他方才还在盘算要去查她的身世,查她的夫君,查那人待她好不好,想着办法总能争一争,或许有万分之一的机会。
可万万没想到,她的夫君竟然是贺初。
若是其他人家,无关任何牵扯,或许还能搏一搏,争一争,等一等。
可那人偏偏是贺初。
如何能有万一?
如何敢有万一?
就算真的有万一的机会,他能迈出这一步吗?
他不能。
一步迈出,便是罔顾天伦,是他自己也唾弃的贼子。
—
几日后,城中一处僻静雅致的酒楼,隐蔽雅间。
雅间清幽华贵,丝竹之声淡淡萦绕。
席间有四五位绝色女子,个个身材窈窕,容貌娇美。
有的手抚古筝,手指拨弄,音韵绵长。
有的怀抱琵琶,半遮半掩,婉转低回。
有的吹箫,有的抚琴,各擅其长。
她们齐整整地互相排练好一首完整的曲子,各自弹奏,不互相喧夺,相互映衬,乐器独妙。
一眼望去,群芳争艳,赏心悦目。
真州知府赵文渊亲自给贺临斟茶道:
“监察使一路辛劳,今日不谈公务,只饮酒听曲。
这些都是城中最好的乐伎,才艺容貌俱佳,还望监察使莫要嫌弃。

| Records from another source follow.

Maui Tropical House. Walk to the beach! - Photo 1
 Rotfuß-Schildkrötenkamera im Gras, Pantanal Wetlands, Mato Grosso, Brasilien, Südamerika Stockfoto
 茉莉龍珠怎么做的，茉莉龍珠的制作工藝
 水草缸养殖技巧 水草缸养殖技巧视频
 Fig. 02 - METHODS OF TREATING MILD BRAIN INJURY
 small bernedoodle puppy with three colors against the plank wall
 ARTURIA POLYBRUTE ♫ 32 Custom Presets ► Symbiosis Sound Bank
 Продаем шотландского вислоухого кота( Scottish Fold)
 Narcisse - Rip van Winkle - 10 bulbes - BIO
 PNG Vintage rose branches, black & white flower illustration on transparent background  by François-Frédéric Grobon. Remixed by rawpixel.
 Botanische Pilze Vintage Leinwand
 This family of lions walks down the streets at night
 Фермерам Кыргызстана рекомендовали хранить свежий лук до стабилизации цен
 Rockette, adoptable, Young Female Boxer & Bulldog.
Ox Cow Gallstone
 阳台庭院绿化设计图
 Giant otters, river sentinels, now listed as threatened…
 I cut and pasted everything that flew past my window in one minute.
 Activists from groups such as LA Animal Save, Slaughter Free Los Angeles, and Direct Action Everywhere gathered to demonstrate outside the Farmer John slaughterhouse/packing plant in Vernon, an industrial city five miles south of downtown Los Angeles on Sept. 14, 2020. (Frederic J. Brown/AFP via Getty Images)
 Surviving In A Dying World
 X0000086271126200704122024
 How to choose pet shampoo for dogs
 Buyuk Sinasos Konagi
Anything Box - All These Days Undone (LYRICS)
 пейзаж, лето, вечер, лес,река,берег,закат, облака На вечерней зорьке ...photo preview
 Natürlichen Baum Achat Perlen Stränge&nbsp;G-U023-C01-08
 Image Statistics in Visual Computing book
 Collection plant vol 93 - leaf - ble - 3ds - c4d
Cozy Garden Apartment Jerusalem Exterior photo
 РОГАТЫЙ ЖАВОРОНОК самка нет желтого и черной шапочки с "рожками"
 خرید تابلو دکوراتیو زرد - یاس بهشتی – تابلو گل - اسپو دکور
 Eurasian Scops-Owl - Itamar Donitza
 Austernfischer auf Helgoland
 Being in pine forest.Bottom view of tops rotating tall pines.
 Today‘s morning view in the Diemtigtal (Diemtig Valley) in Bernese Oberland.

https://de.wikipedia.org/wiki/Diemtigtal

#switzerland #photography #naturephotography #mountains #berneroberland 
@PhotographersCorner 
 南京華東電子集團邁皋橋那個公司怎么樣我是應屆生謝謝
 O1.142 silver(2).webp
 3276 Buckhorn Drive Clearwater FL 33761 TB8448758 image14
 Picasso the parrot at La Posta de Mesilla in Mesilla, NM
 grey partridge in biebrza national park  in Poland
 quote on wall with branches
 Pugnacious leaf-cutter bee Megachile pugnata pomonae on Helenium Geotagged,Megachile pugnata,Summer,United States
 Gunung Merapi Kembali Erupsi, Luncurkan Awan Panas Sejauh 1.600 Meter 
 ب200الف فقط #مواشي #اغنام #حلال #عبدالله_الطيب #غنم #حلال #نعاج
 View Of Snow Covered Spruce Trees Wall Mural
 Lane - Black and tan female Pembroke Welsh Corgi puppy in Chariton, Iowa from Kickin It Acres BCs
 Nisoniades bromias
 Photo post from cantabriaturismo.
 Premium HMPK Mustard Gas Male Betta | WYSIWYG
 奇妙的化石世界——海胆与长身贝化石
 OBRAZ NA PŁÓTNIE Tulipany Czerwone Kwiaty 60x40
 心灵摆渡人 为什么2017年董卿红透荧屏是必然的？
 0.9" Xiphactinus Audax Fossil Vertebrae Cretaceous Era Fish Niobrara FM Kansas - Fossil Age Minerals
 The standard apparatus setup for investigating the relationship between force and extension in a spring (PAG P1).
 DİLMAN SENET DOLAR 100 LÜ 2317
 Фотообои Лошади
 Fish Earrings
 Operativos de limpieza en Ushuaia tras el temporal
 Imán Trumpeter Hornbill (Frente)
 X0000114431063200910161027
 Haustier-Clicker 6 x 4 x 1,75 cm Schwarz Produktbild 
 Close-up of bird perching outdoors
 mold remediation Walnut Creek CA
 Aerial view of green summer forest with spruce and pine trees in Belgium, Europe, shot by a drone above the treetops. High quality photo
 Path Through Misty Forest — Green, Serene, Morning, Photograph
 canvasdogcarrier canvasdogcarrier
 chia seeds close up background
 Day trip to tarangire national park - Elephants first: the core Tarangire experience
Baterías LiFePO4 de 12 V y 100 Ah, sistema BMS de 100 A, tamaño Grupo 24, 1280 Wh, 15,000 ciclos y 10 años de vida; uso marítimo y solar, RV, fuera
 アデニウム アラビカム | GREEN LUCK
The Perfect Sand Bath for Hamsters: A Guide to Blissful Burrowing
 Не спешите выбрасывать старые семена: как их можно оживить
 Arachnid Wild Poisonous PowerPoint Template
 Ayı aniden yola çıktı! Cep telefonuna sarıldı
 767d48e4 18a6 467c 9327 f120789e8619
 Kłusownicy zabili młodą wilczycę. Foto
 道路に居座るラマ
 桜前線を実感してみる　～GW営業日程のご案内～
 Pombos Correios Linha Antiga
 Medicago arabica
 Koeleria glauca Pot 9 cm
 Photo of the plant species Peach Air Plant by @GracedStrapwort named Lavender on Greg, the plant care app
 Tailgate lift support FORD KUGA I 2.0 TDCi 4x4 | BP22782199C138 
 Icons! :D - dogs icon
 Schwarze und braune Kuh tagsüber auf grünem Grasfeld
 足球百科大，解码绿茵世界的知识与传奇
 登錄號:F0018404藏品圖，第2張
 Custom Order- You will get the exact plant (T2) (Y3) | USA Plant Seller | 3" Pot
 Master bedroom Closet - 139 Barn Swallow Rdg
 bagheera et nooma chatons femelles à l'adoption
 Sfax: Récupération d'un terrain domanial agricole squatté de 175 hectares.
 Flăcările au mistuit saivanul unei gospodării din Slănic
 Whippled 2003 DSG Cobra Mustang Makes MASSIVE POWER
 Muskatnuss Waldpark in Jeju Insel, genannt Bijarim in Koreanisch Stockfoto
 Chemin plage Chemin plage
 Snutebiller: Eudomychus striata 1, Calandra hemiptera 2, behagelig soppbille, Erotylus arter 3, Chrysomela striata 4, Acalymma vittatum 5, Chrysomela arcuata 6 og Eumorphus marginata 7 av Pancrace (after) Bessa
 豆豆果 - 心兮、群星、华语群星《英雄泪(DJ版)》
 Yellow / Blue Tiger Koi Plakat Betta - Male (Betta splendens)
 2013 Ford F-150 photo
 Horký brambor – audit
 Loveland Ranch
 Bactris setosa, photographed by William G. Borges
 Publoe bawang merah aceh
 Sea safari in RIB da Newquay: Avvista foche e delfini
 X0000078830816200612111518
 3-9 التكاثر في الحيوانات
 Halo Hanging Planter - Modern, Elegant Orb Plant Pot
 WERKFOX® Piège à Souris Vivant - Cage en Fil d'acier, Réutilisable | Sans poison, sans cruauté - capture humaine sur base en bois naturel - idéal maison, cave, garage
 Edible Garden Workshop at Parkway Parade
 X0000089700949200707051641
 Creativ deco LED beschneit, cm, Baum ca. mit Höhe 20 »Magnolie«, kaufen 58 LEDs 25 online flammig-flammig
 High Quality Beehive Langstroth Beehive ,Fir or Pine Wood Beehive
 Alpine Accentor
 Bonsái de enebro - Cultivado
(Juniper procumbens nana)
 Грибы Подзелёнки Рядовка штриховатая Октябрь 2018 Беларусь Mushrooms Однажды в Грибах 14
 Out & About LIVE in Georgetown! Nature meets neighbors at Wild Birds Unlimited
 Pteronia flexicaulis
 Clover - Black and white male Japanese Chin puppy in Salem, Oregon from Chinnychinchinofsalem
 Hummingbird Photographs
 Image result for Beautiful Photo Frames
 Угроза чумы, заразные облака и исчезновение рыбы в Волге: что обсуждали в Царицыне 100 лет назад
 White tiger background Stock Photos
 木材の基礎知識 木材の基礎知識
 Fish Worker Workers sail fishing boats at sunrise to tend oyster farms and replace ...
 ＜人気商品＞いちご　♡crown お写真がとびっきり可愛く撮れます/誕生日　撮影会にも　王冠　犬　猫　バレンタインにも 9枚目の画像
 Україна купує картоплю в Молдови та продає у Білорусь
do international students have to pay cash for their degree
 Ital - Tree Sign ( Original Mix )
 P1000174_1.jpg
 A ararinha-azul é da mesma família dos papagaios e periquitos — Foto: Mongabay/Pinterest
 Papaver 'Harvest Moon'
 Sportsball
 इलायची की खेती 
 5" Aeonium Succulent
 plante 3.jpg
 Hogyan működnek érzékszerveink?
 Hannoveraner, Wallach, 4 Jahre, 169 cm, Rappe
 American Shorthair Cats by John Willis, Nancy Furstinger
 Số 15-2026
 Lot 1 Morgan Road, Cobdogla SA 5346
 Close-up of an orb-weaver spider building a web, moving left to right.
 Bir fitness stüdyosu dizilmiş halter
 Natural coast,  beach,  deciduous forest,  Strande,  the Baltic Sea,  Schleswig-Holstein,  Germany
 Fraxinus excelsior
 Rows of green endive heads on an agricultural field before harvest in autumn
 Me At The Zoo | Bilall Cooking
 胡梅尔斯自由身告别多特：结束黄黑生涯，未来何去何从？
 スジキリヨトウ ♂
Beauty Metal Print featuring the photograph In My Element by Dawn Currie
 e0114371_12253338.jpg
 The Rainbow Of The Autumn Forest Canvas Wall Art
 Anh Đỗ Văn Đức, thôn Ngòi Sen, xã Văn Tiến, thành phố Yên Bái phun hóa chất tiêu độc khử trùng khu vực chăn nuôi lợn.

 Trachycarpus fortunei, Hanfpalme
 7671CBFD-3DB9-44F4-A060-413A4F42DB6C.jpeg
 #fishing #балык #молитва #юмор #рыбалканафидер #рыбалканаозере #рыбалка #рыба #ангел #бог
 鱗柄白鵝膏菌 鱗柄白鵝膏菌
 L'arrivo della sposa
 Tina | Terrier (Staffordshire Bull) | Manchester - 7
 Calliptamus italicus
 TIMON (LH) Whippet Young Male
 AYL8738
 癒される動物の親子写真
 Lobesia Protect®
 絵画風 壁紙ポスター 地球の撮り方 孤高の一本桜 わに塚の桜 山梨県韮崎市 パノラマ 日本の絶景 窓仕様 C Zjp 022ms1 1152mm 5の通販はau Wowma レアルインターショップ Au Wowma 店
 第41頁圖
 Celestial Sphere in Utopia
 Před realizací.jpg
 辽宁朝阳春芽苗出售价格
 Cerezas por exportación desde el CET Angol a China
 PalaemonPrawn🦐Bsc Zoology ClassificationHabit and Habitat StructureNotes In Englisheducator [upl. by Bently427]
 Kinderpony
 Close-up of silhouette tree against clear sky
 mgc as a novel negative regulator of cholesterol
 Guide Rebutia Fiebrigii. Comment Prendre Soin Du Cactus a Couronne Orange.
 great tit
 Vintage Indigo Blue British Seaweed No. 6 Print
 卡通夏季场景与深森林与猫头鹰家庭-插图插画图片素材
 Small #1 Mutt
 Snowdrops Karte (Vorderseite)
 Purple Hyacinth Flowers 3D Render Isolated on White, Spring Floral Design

”
贺临手指转动着茶杯,眼神轻扫,满室香风。
柔音婉转,美人如画,若是旁人,早已心神荡漾。
贺临入席之后并没有出言拒绝,但也并不透露半分欢喜之色,只是淡淡地坐着,神色平静。
丝竹婉转,美人环视,他却视若无睹,目光落在前方的空处。
赵知府暗中急了,不动声色地朝身后递了个眼色。
角落中一名容貌最是娇柔妩媚的女子心领神会,微微点头,捧着酒杯,挪着莲步,轻移到贺临身侧。
屈膝一伏,眼波流转,言语柔得滴水道:
“奴婢给爷敬酒。”
女子说着,眼神勾人,直直望向贺临。
贺临即使不是朝廷命官,是寻常男子,这副长相也足以让万千女郎为之倾倒。
而眼前的女子姿色动人,稍稍侧目展露,便能勾走无数公子的心。
女子对自己有信心。果不其然,贺临缓缓抬眼,目光落在了她的身上。
就在这时,女子脚下忽然一歪,惊呼一声,身子软软一斜,顺势便靠在了贺临的怀中。
贺临眼底没有波澜,也无欲念,只是平静。
女子扬起脸,唇瓣微扬,眼角含泪,直直地往贺临唇边凑去。
就在她快碰到的时候,贺临微微偏开脸,缓缓笑道:
“想不到真州的酒楼雅间竟有这般别致风味,招待客人的法子倒是挺新鲜的。”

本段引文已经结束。